There are also indications that patients in the three more-managed models achieve these lower levels of single-year mortality quickly—within the first year of enrollment. We compared mortality rates across the three alternative-delivery models on the basis of how many years an individual patient had been a member of one of the three types of plans. The single-year mortality rate fell sharply for patients who had completed their first year in a managed plan and then declined steadily in subsequent years. (See Exhibit 2.) The overall slope of improvement is greatest in the capitated model, which shows the lowest mortality rates for patients who had been in the plan for four years or more. These findings are particularly meaningful given that the members of the various plans had an average length of enrollment of between about two and a half and four and a half years depending on the model—which suggests that the plans are actually able to see the financial benefits of investments in more managed care delivery during a member’s enrollment period.
Finally, the differences in single-year mortality in the Medicare Advantage samples were also greater for older and higher-risk patients as we move across the spectrum toward more managed delivery models. We compared the mortality results for three subgroups within our sample: “low risk” patients (defined as those aged 66 years with one comorbidity), “average risk” patients (those aged 71 years with five comorbidities), and “high risk” patients (those aged 78 years with eight comorbidities). For the low-risk group, the difference in single-year mortality between the PPO and the capitated samples was only 0.4 percentage points (1.8 percent versus 1.4 percent). For the high-risk group, by contrast, the difference was 2.1 percentage points (6.2 percent versus 4.1 percent). Similar results can be seen across the four diseases we studied.

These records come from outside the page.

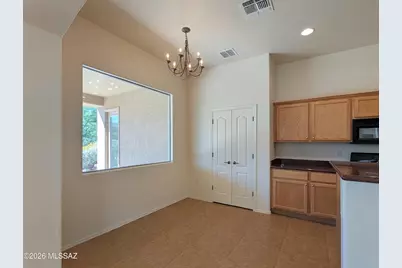 2033 W Acacia Bluffs Drive, Green Valley, AZ 85622 - Photo 11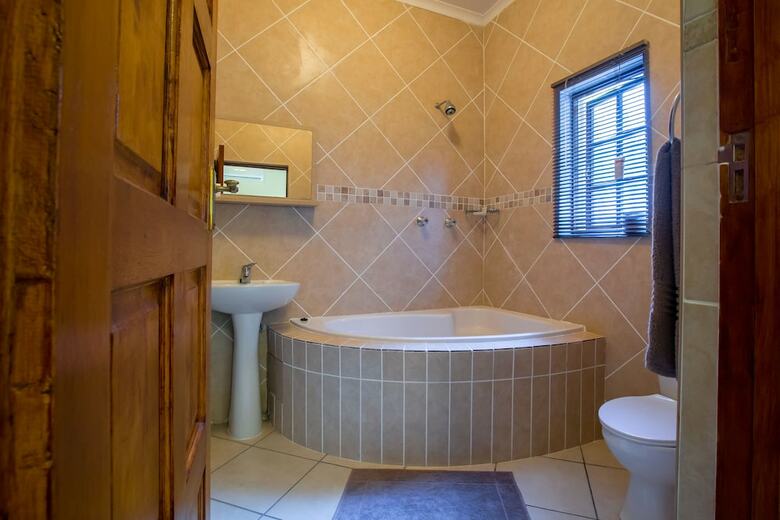 Bed & Breakfast Turtle Bay Lodge
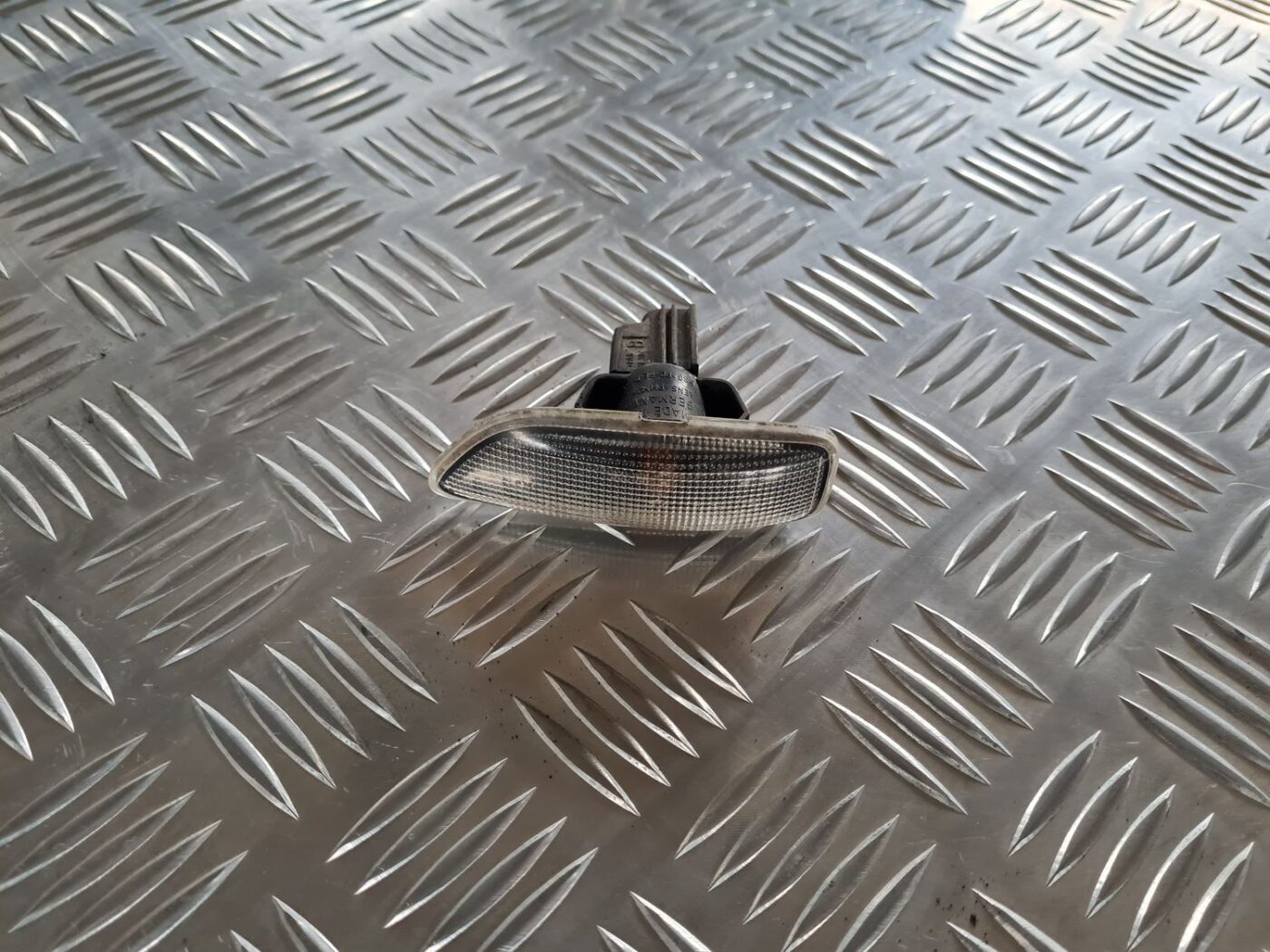 Pagrieziena signala lukturis priekš VOLVO V70 2003 SILVER 1 Pagrieziena signala lukturis priekš VOLVO V70 2003 SILVER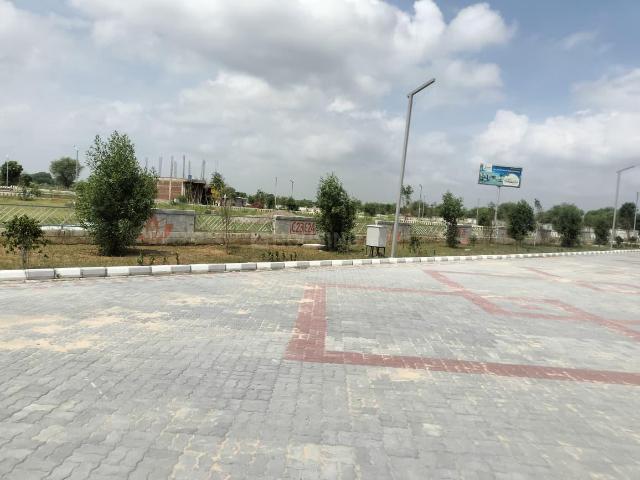 Residential Plot in Malpura for resale Neemrana. The reference number is 20242884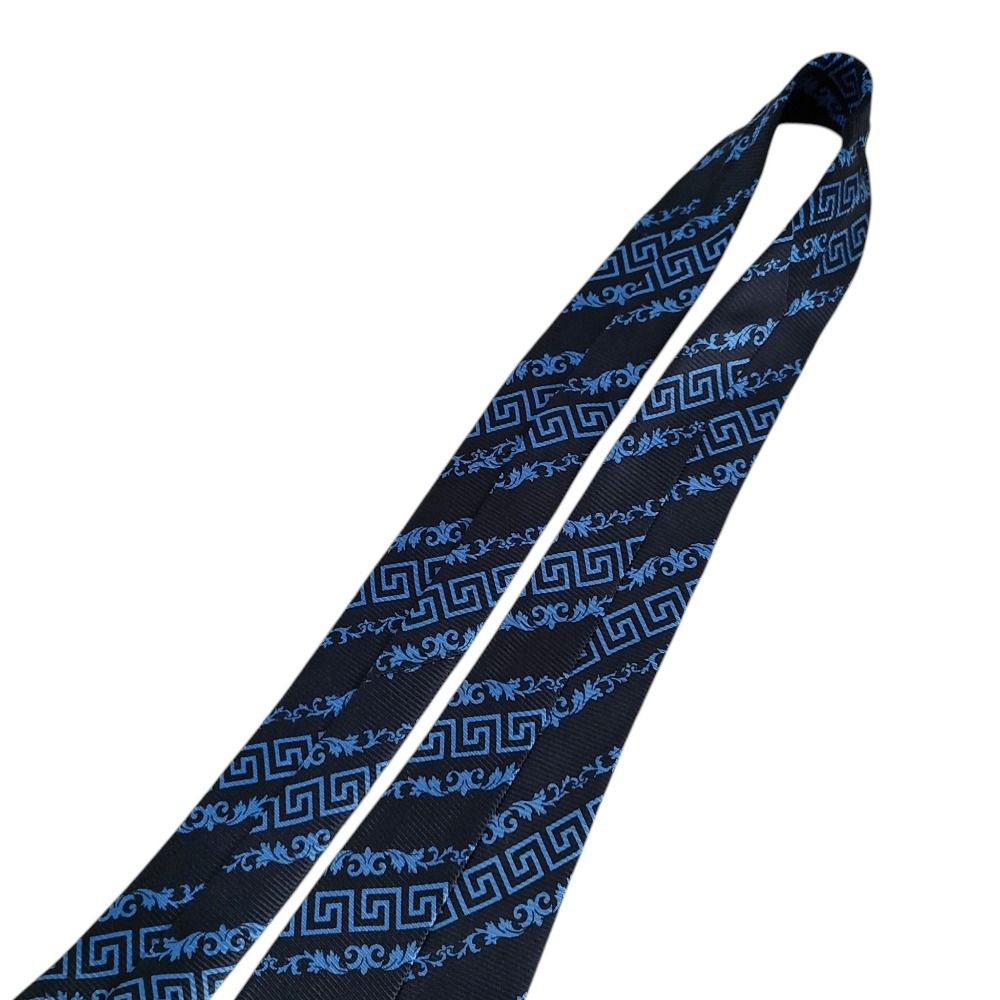 新品同様 VERSACE CLASSIC ヴェルサーチクラシック V2 シルク100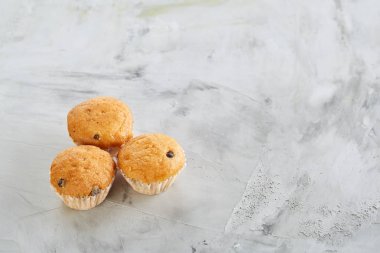 Lezzetli kek hafif dokulu arka plan, yakın çekim, sığ alan, seçici odak derinliği desen düzenlenmiş.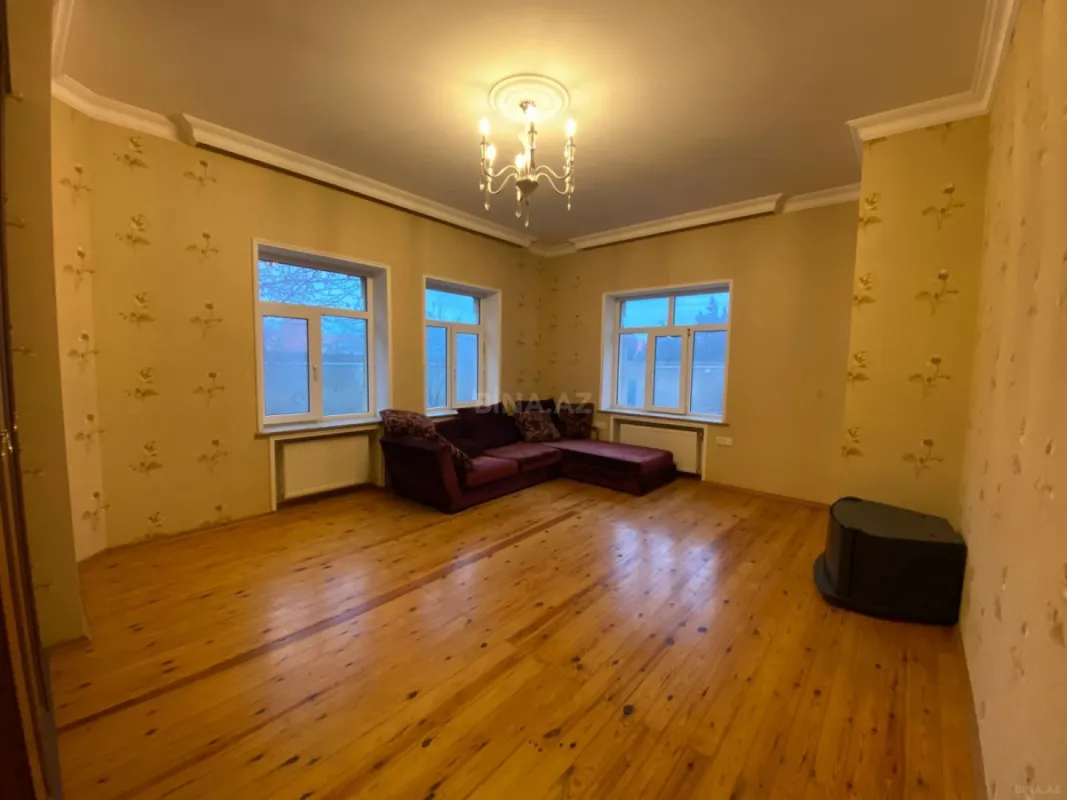 Satılır 7 otaqlı həyət evi 300 m²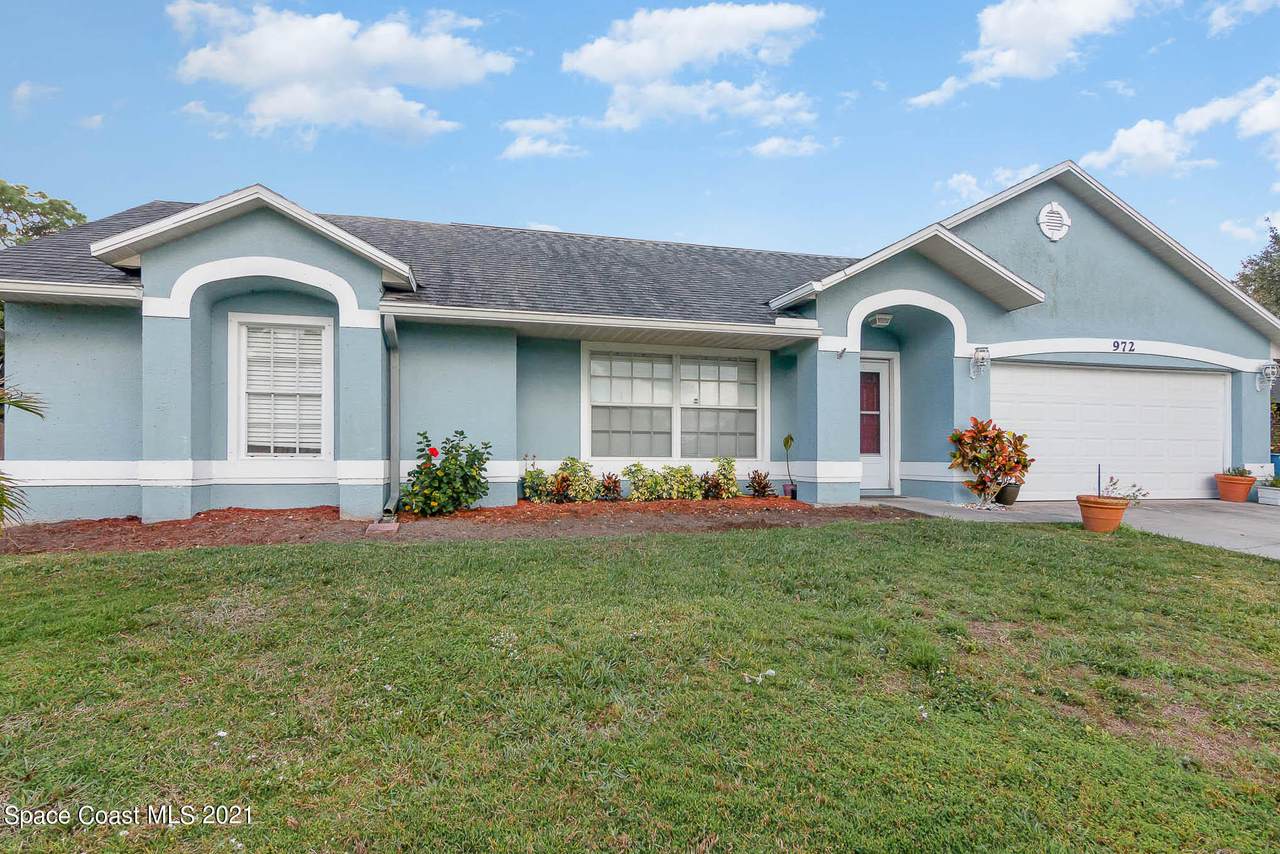 972 Canton Street - Photo 1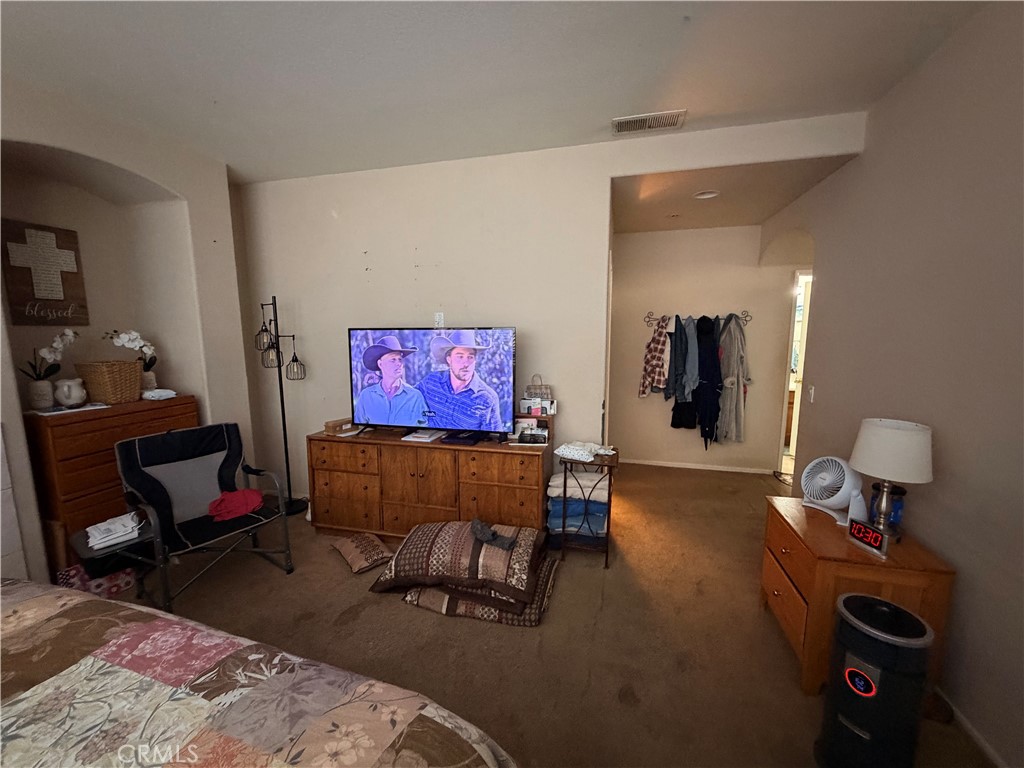 https://media.crmls.org/medias/40e26b3c-3148-4c8b-8054-fd45b89081a3.jpg?preset=X-Large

Hospital Utilization Rates. Previous research has shown that more managed care-delivery models correlate with lower hospital-utilization rates. Our data confirm this general trend.9
There is a relatively negligible difference of about 4 percent in the share of patients admitted to hospitals across the four models. But there is a substantial reduction in the length of time that patients in the capitated Medicare Advantage plan spend in the hospital—about a 19 percent lower average length of stay compared with the fee-for-service sample. (See Exhibit 3.) This finding is at the low end of the research showing that Medicare Advantage plans have utilization rates 20 to 30 percent lower than Medicare fee-for-service. What’s more, the more managed plans also have a somewhat lower percentage of readmissions, which suggests that the shorter hospital stays represent genuine improvements in the management of acute episodes of care.
That said, there does appear to be some tradeoff between length of stay and readmissions. For example, the small average length of stay of the capitated sample (4.8 days) seems to come at the price of a higher level of readmissions. But even this elevated readmission rate, compared with the other alternative plans, is lower than the level for the fee-for-service sample.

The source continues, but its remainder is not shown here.